Records from a collection
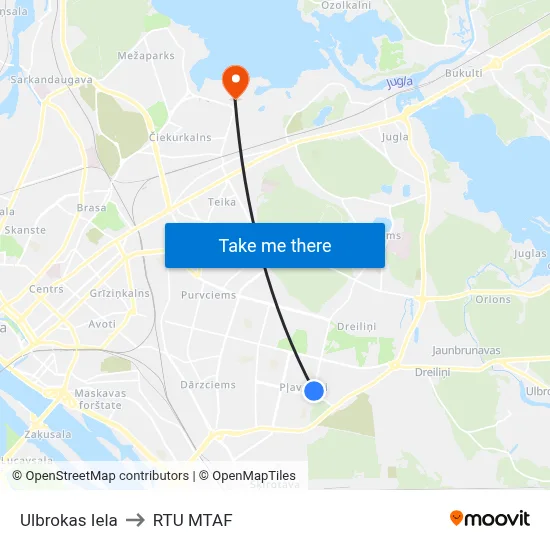 Ulbrokas Iela to RTU MTAF map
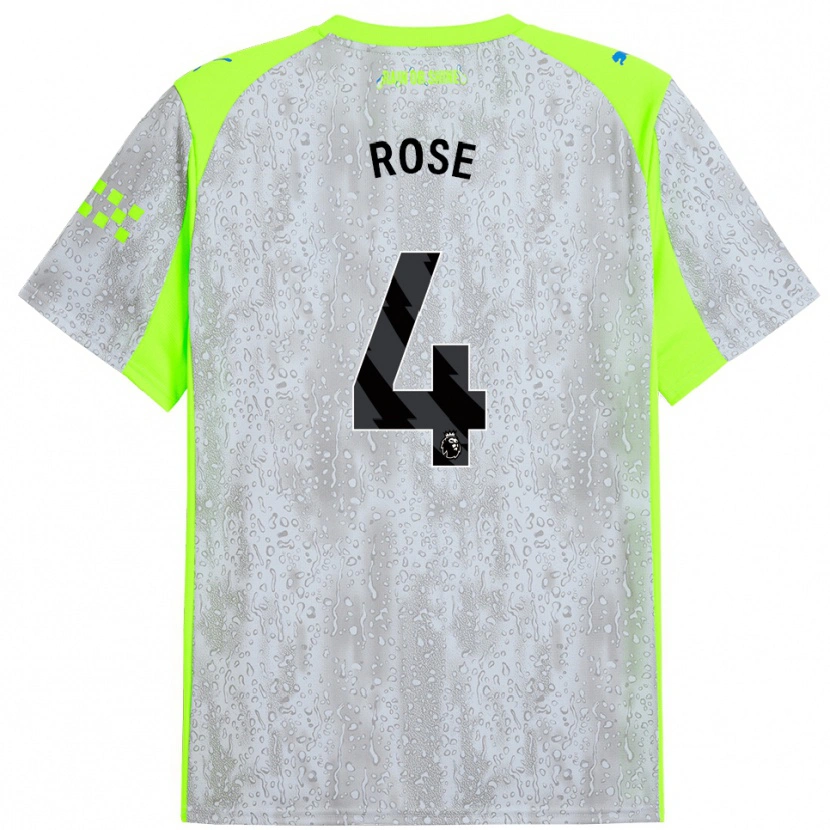 Danxen Hombre Camiseta Jade Rose #4 Gris Amarillo Equipación Tercera 2025/26 La Camisa
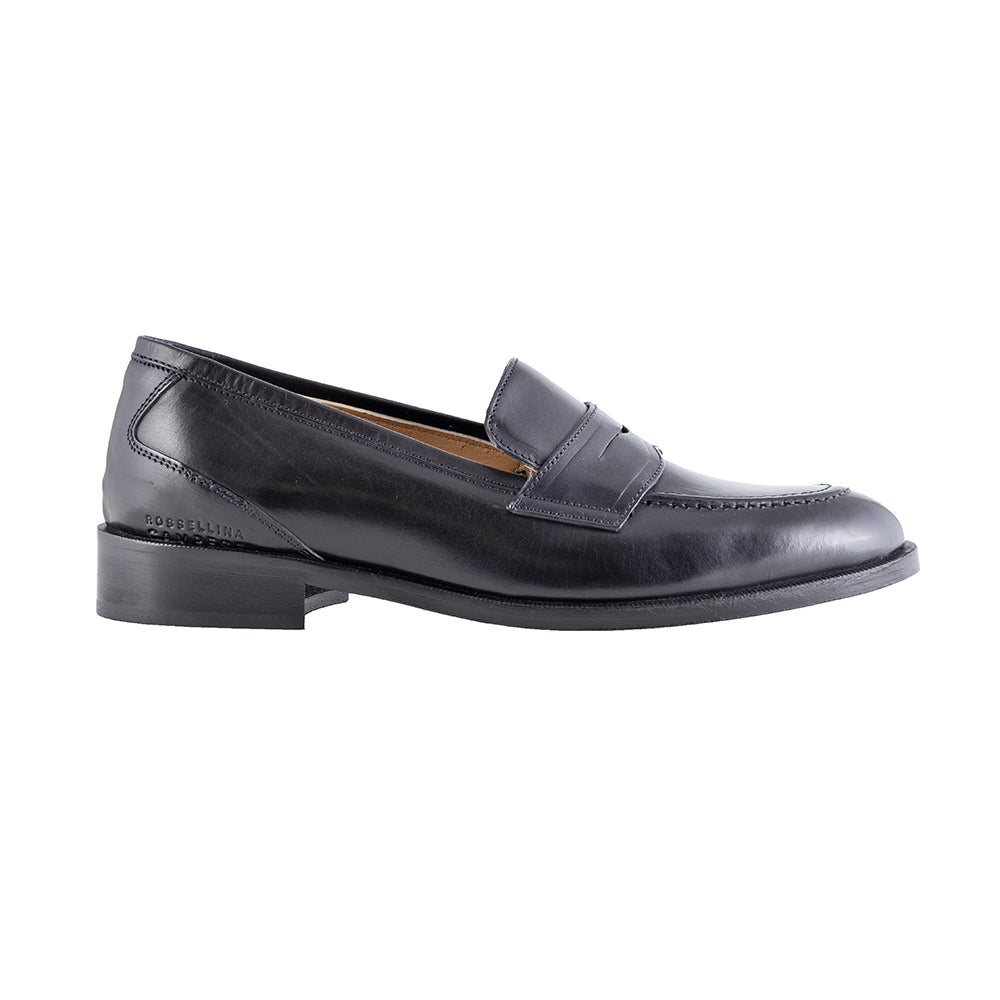 Women's black leather loafers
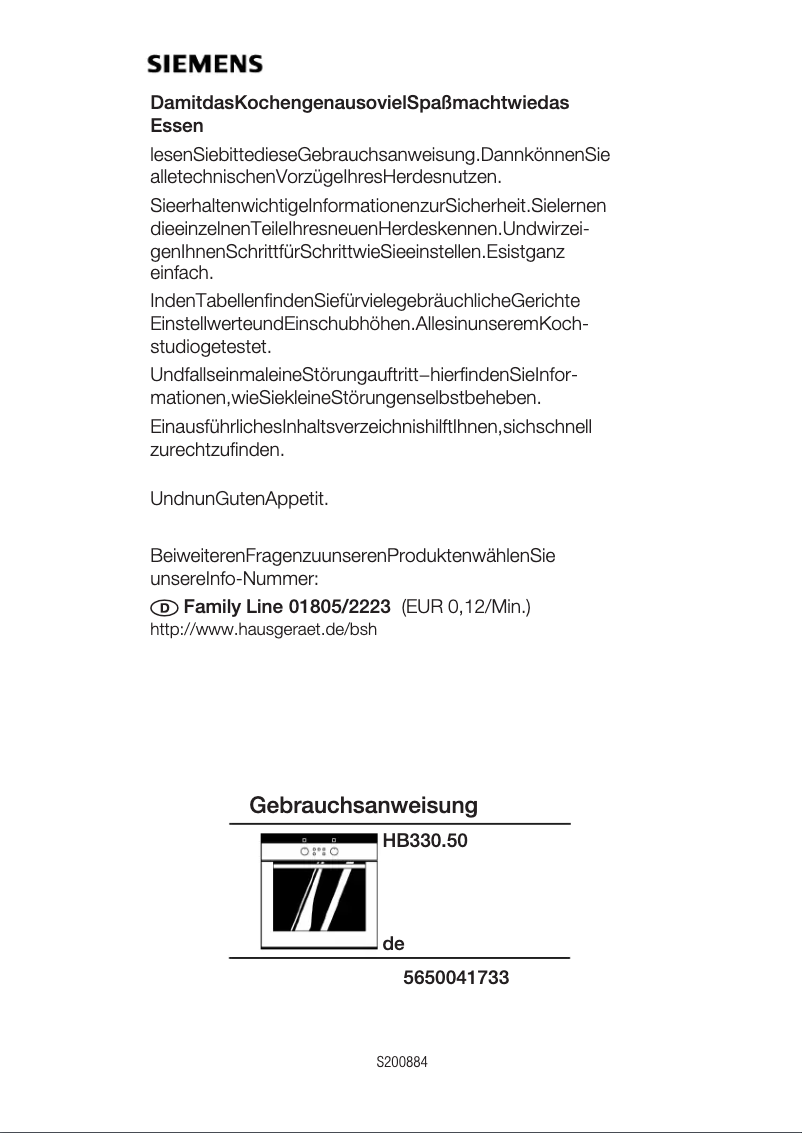 Page 1 de la notice Manuel utilisateur Siemens HB330250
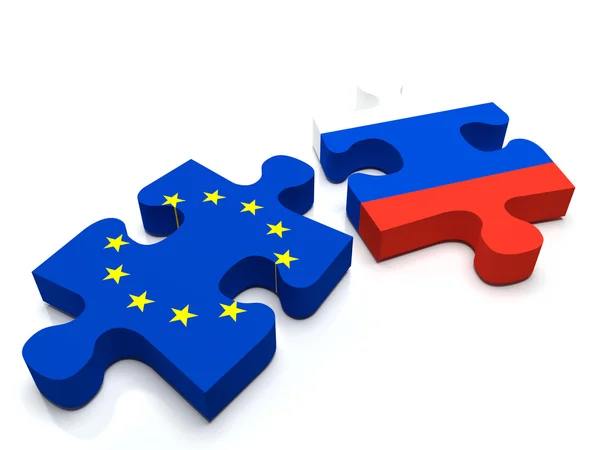 Russia - European Union Puzzle — Stock Photo, Image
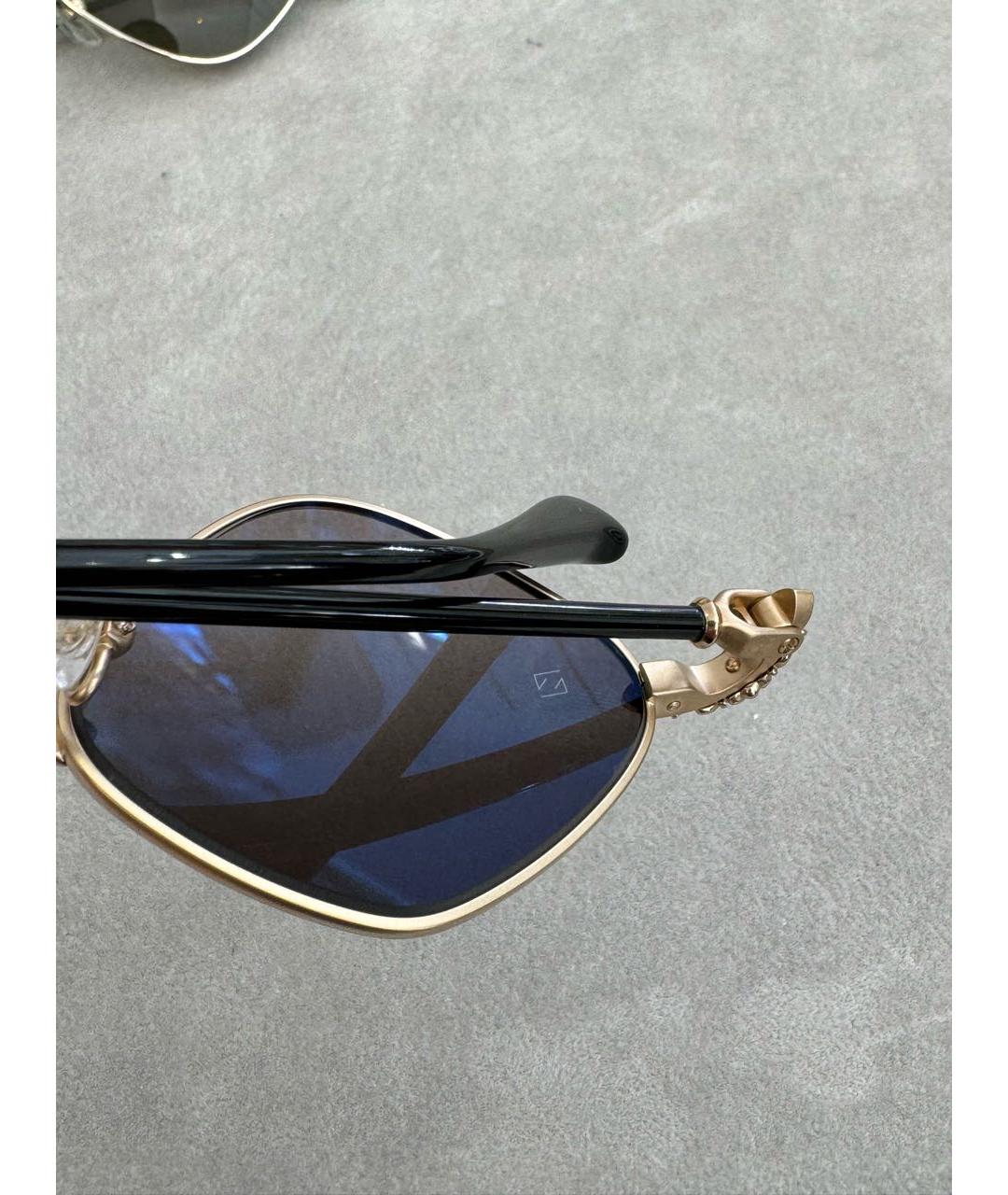CHROME HEARTS Золотые металлические солнцезащитные очки, фото 3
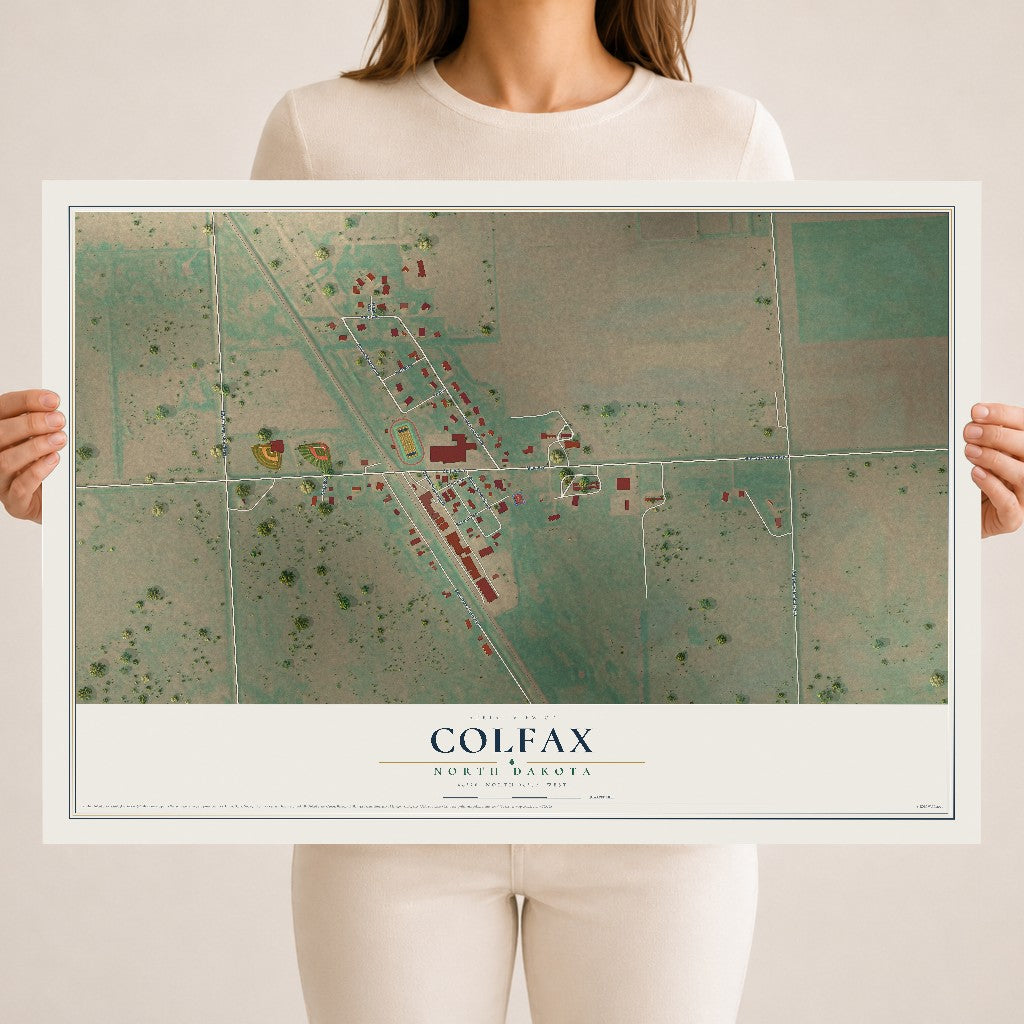 Map of Colfax, North Dakota, 18 x 24 inch unframed archival matte print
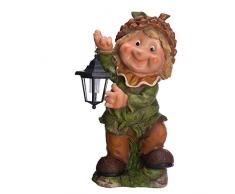 Grande luce da giardino con lampada solare NF12168-4, grande 53 cm di altezza, statuetta da giardino, decorazione per bambini gnomo con cappello su un tronco dalbero, con lampada solare a LED, bella e finemente lavorata, statuetta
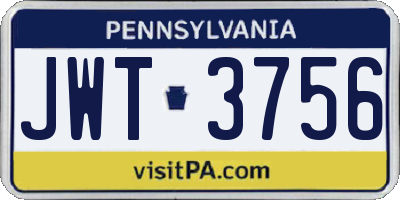 PA license plate JWT3756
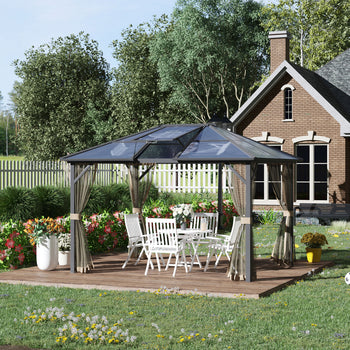 10' x 12' Hardtop Gazebo Canopy with Polycarbonate Roof, Aluminum Frame, Permanent Pavilion Outdoor Gazebo with Netting, for Patio, Garden, Backyard, Deck, Lawn, Gray, Brown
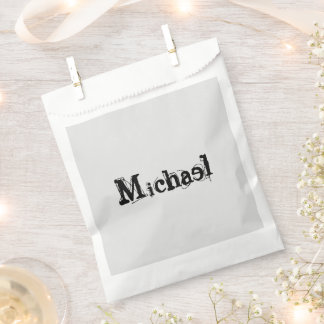 Sachets En Papier Nom monogramme moderne minimaliste noir gris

*Your assignment*:
Write out exactly the opening lines of the data, stopping after the line that holds "Map of Colfax, North". Exclude pictures.

*Result*:
 Ulbrokas Iela to RTU MTAF map
 Danxen Hombre Camiseta Jade Rose #4 Gris Amarillo Equipación Tercera 2025/26 La Camisa
 Women's black leather loafers
 Page 1 de la notice Manuel utilisateur Siemens HB330250
 Russia - European Union Puzzle — Stock Photo, Image
CHROME HEARTS Золотые металлические солнцезащитные очки, фото 3
 Map of Colfax, North Dakota, 18 x 24 inch unframed archival matte print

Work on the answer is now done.